Tracking animals’ responses to the challenges of nature

Animal biologist Ivy Schoepf wants to see similar research opportunities available to more people.

Anna Schmidt - 23 January 2023

Photo of Ivy Schoepf
Photo by John Ulan

At just 13, Ivy Schoepf chose to apply for science high school. That choice took her from her small hometown in Italy to countries around the world, researching animal biology in Africa, Europe and North America. Now an assistant professor at Augustana Campus, Schoepf studies how animals cope with disease and competition.

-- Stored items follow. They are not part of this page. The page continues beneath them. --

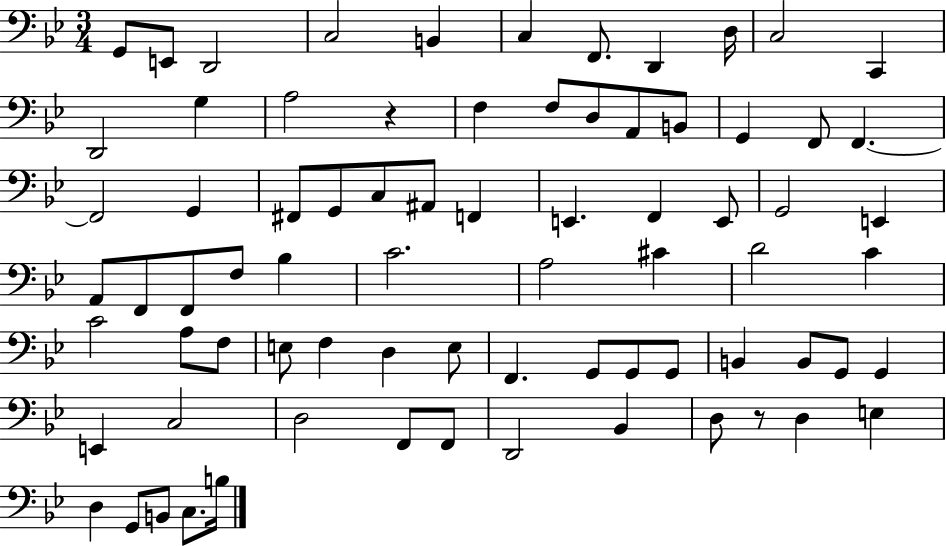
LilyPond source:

{
  \clef bass
  \numericTimeSignature
  \time 3/4
  \key bes \major
  \repeat volta 2 { g,8 e,8 d,2 | c2 b,4 | c4 f,8. d,4 d16 | c2 c,4 | \break d,2 g4 | a2 r4 | f4 f8 d8 a,8 b,8 | g,4 f,8 f,4.~~ | \break f,2 g,4 | fis,8 g,8 c8 ais,8 f,4 | e,4. f,4 e,8 | g,2 e,4 | \break a,8 f,8 f,8 f8 bes4 | c'2. | a2 cis'4 | d'2 c'4 | \break c'2 a8 f8 | e8 f4 d4 e8 | f,4. g,8 g,8 g,8 | b,4 b,8 g,8 g,4 | \break e,4 c2 | d2 f,8 f,8 | d,2 bes,4 | d8 r8 d4 e4 | \break d4 g,8 b,8 c8. b16 | } \bar "|."
}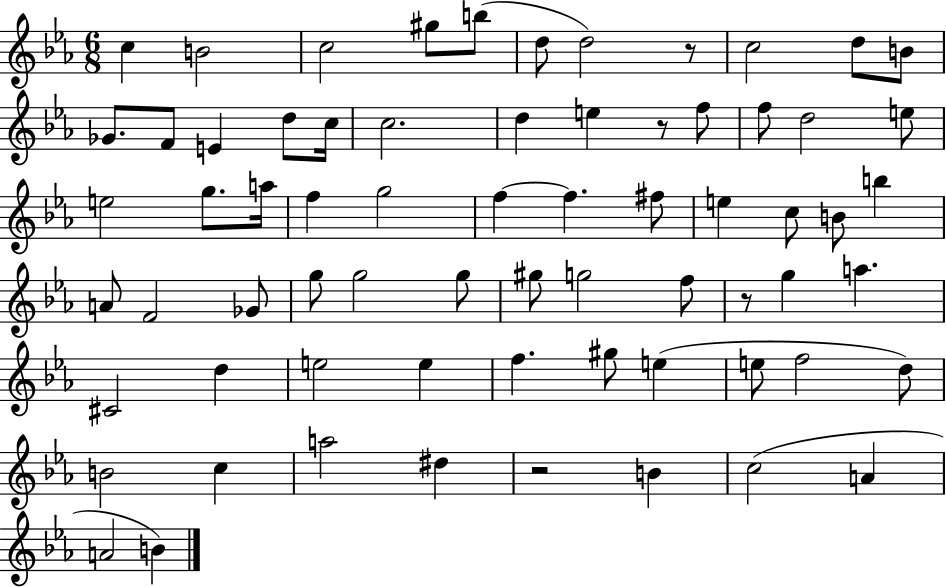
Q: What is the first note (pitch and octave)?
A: C5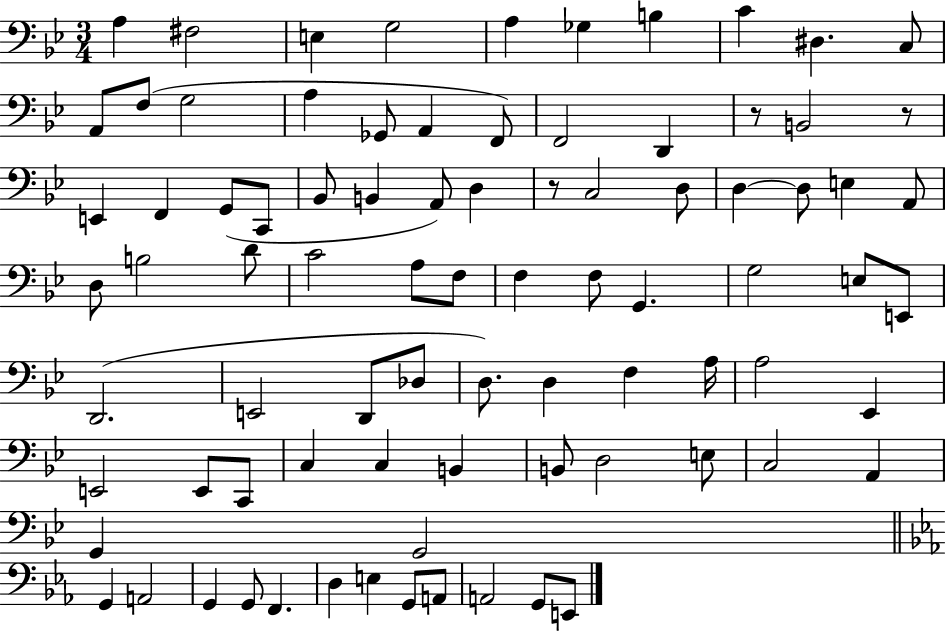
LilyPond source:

{
  \clef bass
  \numericTimeSignature
  \time 3/4
  \key bes \major
  a4 fis2 | e4 g2 | a4 ges4 b4 | c'4 dis4. c8 | \break a,8 f8( g2 | a4 ges,8 a,4 f,8) | f,2 d,4 | r8 b,2 r8 | \break e,4 f,4 g,8( c,8 | bes,8 b,4 a,8) d4 | r8 c2 d8 | d4~~ d8 e4 a,8 | \break d8 b2 d'8 | c'2 a8 f8 | f4 f8 g,4. | g2 e8 e,8 | \break d,2.( | e,2 d,8 des8 | d8.) d4 f4 a16 | a2 ees,4 | \break e,2 e,8 c,8 | c4 c4 b,4 | b,8 d2 e8 | c2 a,4 | \break g,4 g,2 | \bar "||" \break \key c \minor g,4 a,2 | g,4 g,8 f,4. | d4 e4 g,8 a,8 | a,2 g,8 e,8 | \break \bar "|."
}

She’s keen to ensure more students get access to the same experiences that shaped her career.

How do you describe your work in one or two sentences

Nature constantly presents individual animals with challenges. My research focuses on understanding how individuals cope with the challenges of disease and competition.
 

What did you want to be when you were in Grade 3?

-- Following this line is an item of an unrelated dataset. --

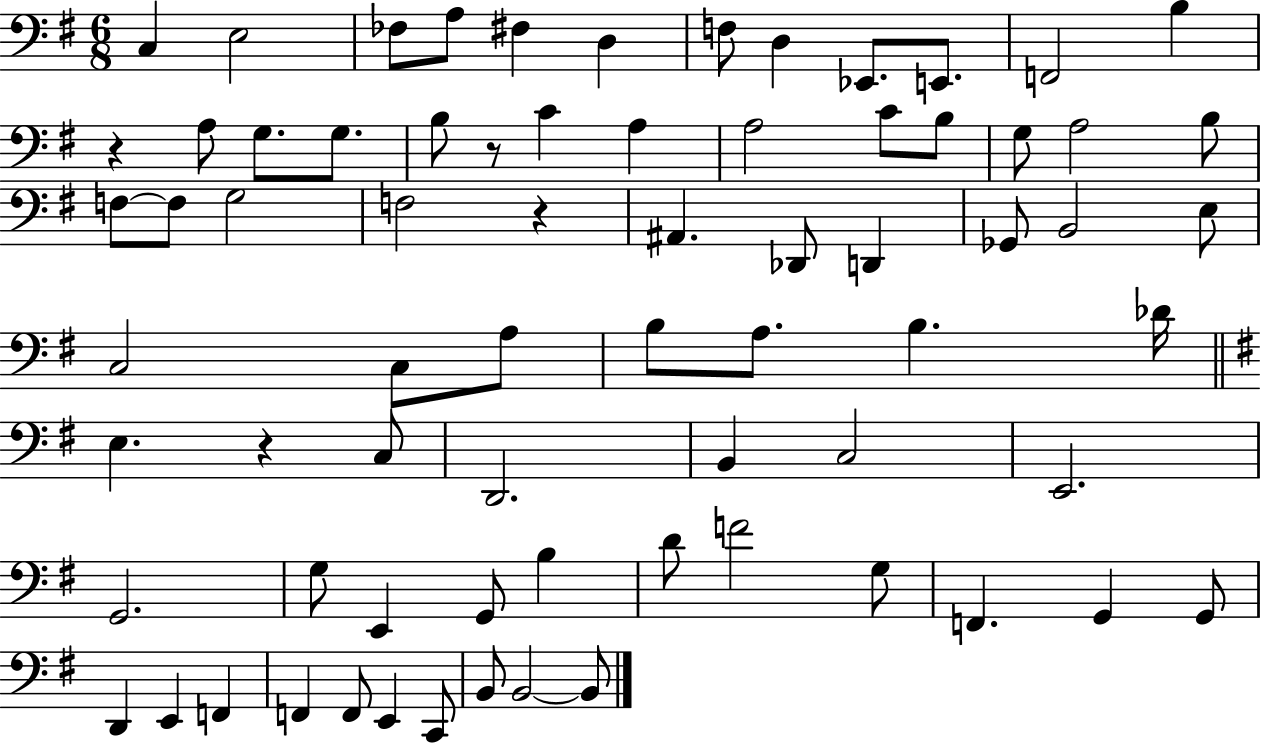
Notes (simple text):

I wanted to be an archeologist. I grew up watching Raiders of the Lost Ark and it’s still my favourite movie.
 

When did you know you wanted to be a biologist?

Deep down I have always known I wanted to be a biologist. I loved collecting stickers of animals as a child and reading about all the different species. I made the formal decision to be a biologist at 13, when I had to apply for science high school in Italy. There was no turning back.
 

What’s one big problem you want to address or goal you want to achieve?

I would like to help make field biology more inclusive. I have been lucky to travel to different parts of the world, meet amazing people and see unique wildlife. I would like to see more people from less affluent backgrounds afforded similar opportunities.
 

What’s your favourite thing so far about Augustana?

I love how everyone is welcoming and approachable. I have met incredible, supportive people.
 

How do you see the Augustana community playing a role in your work?

Augustana is unique in that every day I have a chance to rub shoulders with colleagues in other fields of study. It creates an ideal situation for establishing interdisciplinary collaborations. I am looking forward to developing my research to be truly holistic and integrative.
 

What’s the best advice you’ve ever received?

Follow your passion and don’t let anyone tell you cannot do something.
 

What’s the worst fashion or hair decision you’ve made?

Possibly dying my hair green. As a teenager I was into punk. I loved Green Day and the Sex Pistols.
 

What’s the last show you binge-watched and loved?

Severance. It’s a new-age psychological thriller. I love watching tv shows and movies that keep you at the edge of your seat. I guess what I like about Severance in particular is that it is very current. It is a critique of modern society’s over-reliance on technology and of modern working conditions.
 

What’s the best book you’ve ever read?

I read many great books, so I don’t know if I have one specifically. All Quiet on the Western Front by Erich Maria Remarque is among the best books I have read. It shows the inhumanity of war.
 

Where did you grow up and what do you love about your hometown?

I grew up in a small Italian town at the foot of the Alps, nestled between lakes and wine country. I love the mountains there and hiking in the forests.
 

You can invite anyone — alive or dead, real or fictional — to dinner. Who would it be and why?

George Harrison. I would love to hear his stories about his time as a member of the Beatles.
 

More about Ivy Schoepf

I am an animal biologist with an interdisciplinary, collaborative and highly inclusive research portfolio that spans three continents (Africa, Europe and North America). I started my science career with a BSc in zoology at Queen Mary University of London in the United Kingdom, followed by an MSc in conservation at University College London and a PhD in natural sciences at the University of Zurich in Switzerland. While I was based in Switzerland, I collected data in Africa, spending up to 10 months at a time in the field over almost 10 years. In 2016, I moved to Canada for my second postdoctoral appointment at Queen’s University, where I started working with birds.